USA – Darden Restaurants, an American multi-brand restaurant operator, is set to acquire Chuy’s in a deal worth approximately US$605 million.
Chuy’s would be Darden’s first restaurant chain focusing on Mexican food.
According to a news release, Darden, which already owns popular restaurant brands such as Olive Garden, LongHorn Steakhouse, and Ruth’s Chris Steak House, agreed to acquire all outstanding shares of Chuy’s at US$37.50 a share.
“Chuy’s is a differentiated brand within the full-service dining industry with strong performance and growth potential,” said Darden President and CEO Rick Cardenas in the news release.
“Based on our criteria for adding a brand to the Darden portfolio, we believe Chuy’s is an excellent fit that supports our winning strategy.”
“I am excited to welcome their 7,400 team members to Darden and diversify the Darden portfolio into a new dining category.”
Chuy’s operates 101 restaurants in 15 states, generating over US$450 million in revenue in the last twelve months as of March 31, 2024.
The restaurant chain, founded in 1982 in Austin, Texas, serves a “distinct menu of authentic, made-from-scratch Tex-Mex-inspired dishes,” according to the joint statement.

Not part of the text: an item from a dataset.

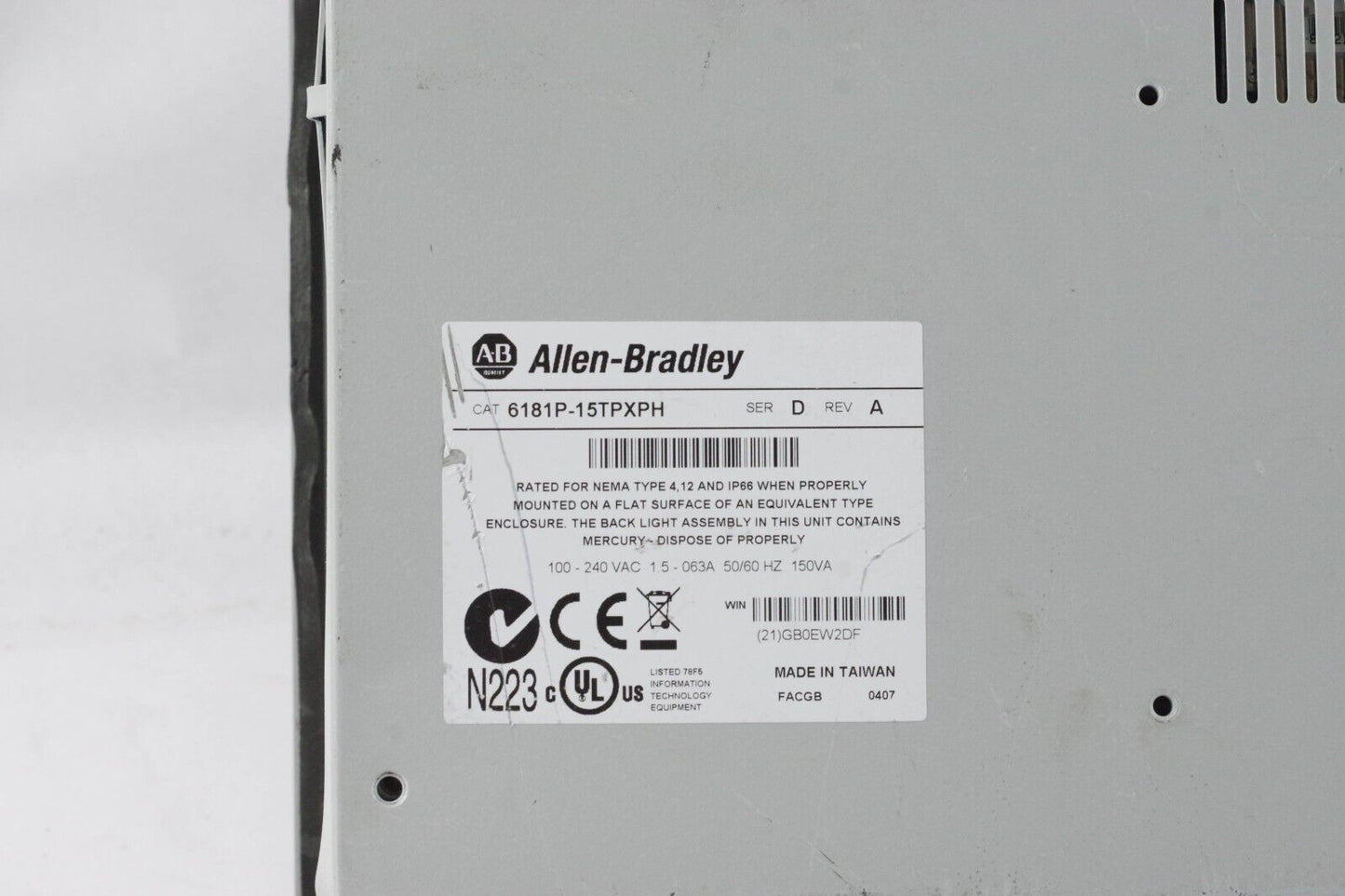 ALLEN BRADLEY 6181P-15TPXPH VERSAVIEW 1500P Ser D - For Parts / Repair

“We are excited about the opportunity to join the Darden family and its portfolio of well-respected brands,” said Steven Hislop, Chairman, CEO, and President of Chuy’s, in the news release.
“Darden shares many of our same core values, particularly our operating philosophy and strong team member cultures. Together, we will accelerate our business goals and bring our authentic, made-from-scratch Tex-Mex to more guests and communities.”
In other recent news, Darden Restaurants, Inc. has made significant strides in its business operations.
The company reported an 8.6% increase in total sales to US$11.4 billion for fiscal year 2024, exceeding expectations, and an adjusted diluted net earnings per share of US$8.88.
Darden also recently announced its acquisition of Chuy’s Holdings for US$605 million, adding 101 new restaurants to its portfolio.
Still, Jefferies downgraded Darden’s stock from Hold to Underperform, citing concerns about the company’s near-term fundamentals. The downgrade is attributed to potential market share loss and diminishing benefits from the pandemic’s impact on industry capacity.
These developments come as part of the company’s recent strategic moves. Darden is set to complete the Chuy’s acquisition by the second fiscal quarter of 2025. The company anticipates the acquisition to have a neutral impact on fiscal year 2025 earnings per share.
Looking forward, Darden’s guidance for fiscal year 2025 includes same-restaurant sales growth of 1% to 2% and total sales growth driven by same-restaurant sales and new restaurant growth. The company also underwent leadership changes to enhance its brand positioning further.
These recent developments reflect Darden’s ongoing efforts to expand its business and meet investor expectations.